--- GIVEN INFORMATION ---
= Beginning of Section =
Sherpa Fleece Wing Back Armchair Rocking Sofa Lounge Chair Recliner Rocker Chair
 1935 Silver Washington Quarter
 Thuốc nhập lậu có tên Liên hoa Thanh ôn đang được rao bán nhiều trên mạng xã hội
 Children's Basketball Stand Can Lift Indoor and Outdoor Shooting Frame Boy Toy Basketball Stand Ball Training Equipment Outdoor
= End of Section =
--- ASSIGNMENT ---
Each of the lines above must appear again, unchanged.

--- PROBLEM SOLUTION ---
Sherpa Fleece Wing Back Armchair Rocking Sofa Lounge Chair Recliner Rocker Chair
 1935 Silver Washington Quarter
 Thuốc nhập lậu có tên Liên hoa Thanh ôn đang được rao bán nhiều trên mạng xã hội
 Children's Basketball Stand Can Lift Indoor and Outdoor Shooting Frame Boy Toy Basketball Stand Ball Training Equipment Outdoor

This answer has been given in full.